Franc-Comtois, Pierre
Lefranc vient au monde le 26 novembre 1815 dans un petit
village du Jura, Montmirey-la-ville. En 1846, il a donc
31 ans. Issu d'un milieu modeste, composé de
petits propriétaires terriens et d'hommes de loi,
il est le quatrième enfant d'une famille qui
devait en compter six.
De la prime enfance de Pierre
Lefranc, nous ne savons que bien peu de choses. Ses
études sont incomplètes. Il ne
fréquente aucun collège et c'est le
curé du village qui éveille chez lui le
goût des études. Adolescent, c'est son
frère Victor, séminariste, qui lui enseigne
les langues classiques. Plus tard, on dira de Pierre
Lefranc qu'il était "doué d'une
intelligence assez remarquable et que les sciences et les
lettres avaient pour lui un attrait
invincible".
Formé intellectuellement
par des prêtres, pris entre un père ancien
volontaire de 1792 pour qui tous les hommes de la Grande
Révolution étaient des héros et une
mère très pieuse, pour qui ces mêmes
hommes étaient des scélérats, Pierre
Lefranc sort de cette éducation première
envahi par le doute et une incertitude qui
l'accompagneront longtemps. Homme mûr, il se
rangera, idéologiquement parlant, du
côté de l'ancien volontaire de 1792. Au plan
religieux et notamment au crépuscule de sa vie, sa
vieille éducation judéo-chrétienne
le fléchira sans pour autant totalement triompher.
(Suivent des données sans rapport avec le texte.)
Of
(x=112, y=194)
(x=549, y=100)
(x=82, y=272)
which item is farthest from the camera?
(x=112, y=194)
Ce sera une des dualités de sa vie,
peut-être la plus importante.
Enfant de faible complexion, le
jeune Pierre est plus attiré par les livres que
par le rude métier de paysan. Toutefois,
jusqu'à 16 ans, sa vie s'écoule entre les
travaux des champs et l'étude de son père
où il fait toutes les écritures. Lorsque
l'âge se faisant sentir, celui-ci abandonne, en
1831, sa charge d'huissier, Pierre, alors
âgé de 16 ans, part à Dole où
il s'emploie comme clerc chez un important avoué
de la ville, Me Bey. Pierre y reste jusqu'à un
jour de l'année 1835. Il rentre alors chez un
notaire de Dole, Me Adeleine, en qualité de
premier clerc. C'est à ce moment qu'il commettra
quelques excès qu'on lui reprochera plus tard et
qui en mai ou juin 1937 lui ferment les portes de son
travail.
Cette année-là,
Lefranc quitte Dole et gagne Besançon, puis
Morteau, dans le Doubs. Vraisemblablement par
l'intermédiaire d'un inspecteur d'assurances de
ses amis, il est embauché comme agent à la
Compagnie de l'Union.
Fin 1838, début 1839,
à 24 ans, la tête pleine de projets et les
poches probablement remplies de poèmes dans la
veine de Béranger, un petit Franc-Comtois
nommé Pierre Lefranc s'en va à la
conquête de Paris.
Dans la capitale, très
rapidement il contacte le célèbre
chansonnier. D'abord épistolaires, leurs relations
se transforment à partir de 1844 en une solide
amitié. Des relations tissées autour d'un
goût commun pour la poésie et les chansons,
nourries de l'admiration de Lefranc et de l'affection du
"sage de Passy", des liens qui ne se distendront pas avec
la mort de Béranger et qui entrera dès lors
dans le panthéon de Pierre Lefranc.
Le jeune franc-comtois publie
son premier article dans la livraison du 10 octobre 1844
de la Revue Indépendante sous le pseudonyme
de Jacques Bonhomme; un clin d'oeil à ses origines
de français moyen. A cette époque Lefranc
est toujours employé à l'Union, non plus
comme démarcheur mais dans les bureaux de la
société. Cette première
collaboration du jeune homme à la revue de Georges
Sand suit de près l'amitié qui vient de
s'instaurer entre lui et le "poète national". Une
coïncidence qui, pensons-nous, ne fut pas fortuite,
eu égard aux très bonnes relations qui
existaient entre Béranger, Leroux et l'auteur de
"Consuélo".
Des premiers articles de Pierre
Lefranc dans la Revue Indépendante, le
poète se montre très satisfait.
à
suivre...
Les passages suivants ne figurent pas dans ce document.